Exercise directions: Using the listing below, set down exactly the lines starting at the line that contains "Квартира 47 м², 2-комнатная - изображение 1" and ending at the line that contains "fenerbahcede oosterwolde icin", both included, and no others.

Data extracts:
════════

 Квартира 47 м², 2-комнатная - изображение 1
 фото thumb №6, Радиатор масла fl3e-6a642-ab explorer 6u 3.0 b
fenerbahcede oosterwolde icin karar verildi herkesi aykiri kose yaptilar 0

════════

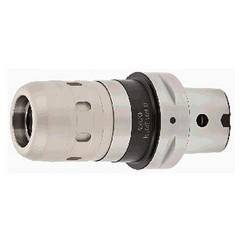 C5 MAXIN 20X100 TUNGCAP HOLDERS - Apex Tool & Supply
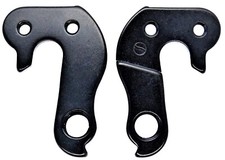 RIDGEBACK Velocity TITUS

════════

Answer box:
 Квартира 47 м², 2-комнатная - изображение 1
 фото thumb №6, Радиатор масла fl3e-6a642-ab explorer 6u 3.0 b
fenerbahcede oosterwolde icin karar verildi herkesi aykiri kose yaptilar 0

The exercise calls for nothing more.